For children with relatives in the U.S. who can support them, this isn’t necessarily a problem. Both Mittelstadt and Strain said family reunification is a major reason why Central American children come here. Mittelstadt also said a majority of the children crossing the border would end up reunited with family, rather than staying in the custody of the Department of Health and Human Services or the Office of Refugee Resettlement.
The final destinations for these children are relatively unknown. However, the locations of Central American populations in the US provide a pretty good picture of where they are likely to end up, according to Mittelstadt.

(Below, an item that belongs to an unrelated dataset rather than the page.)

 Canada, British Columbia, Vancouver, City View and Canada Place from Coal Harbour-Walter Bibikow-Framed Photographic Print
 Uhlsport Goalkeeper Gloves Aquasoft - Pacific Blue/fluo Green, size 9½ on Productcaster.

As of the 2010 census, more than 3.3 million people living in the United States were from Guatemala, Honduras or El Salvador. Of those, Mittelstadt estimates that about 40,000 currently live in the Chicago metropolitan area. Most children are likely headed to areas with a larger Central American population, such as New York City, Los Angeles and Washington, D.C.
All the same, the government has two promising reasons to place children close to Chicago: an immigration court and a willing mayor.
The city houses the only immigration court for 285 miles, and the largest one in the Midwest. The next closest court is in Detroit, hours away and with only three judges compared to Chicago’s nine.
Moreover, many mayors and governors have made it clear that they will not play host to the unaccompanied minors. This makes Emanuel’s proposal not only attractive but, some would say, also necessary as the federal government moves children from packed detention centers at the border.
In the coming months, as Chicago’s court docket fills up, the federal government will continue to be responsible for the care and well-being of thousands of young and lonely migrants, providing them with medical and mental health services, food and a place to sleep as they wait for their turn in court—regardless of whether their next destination is a Chicago neighborhood or a San Pedro Sula barrio.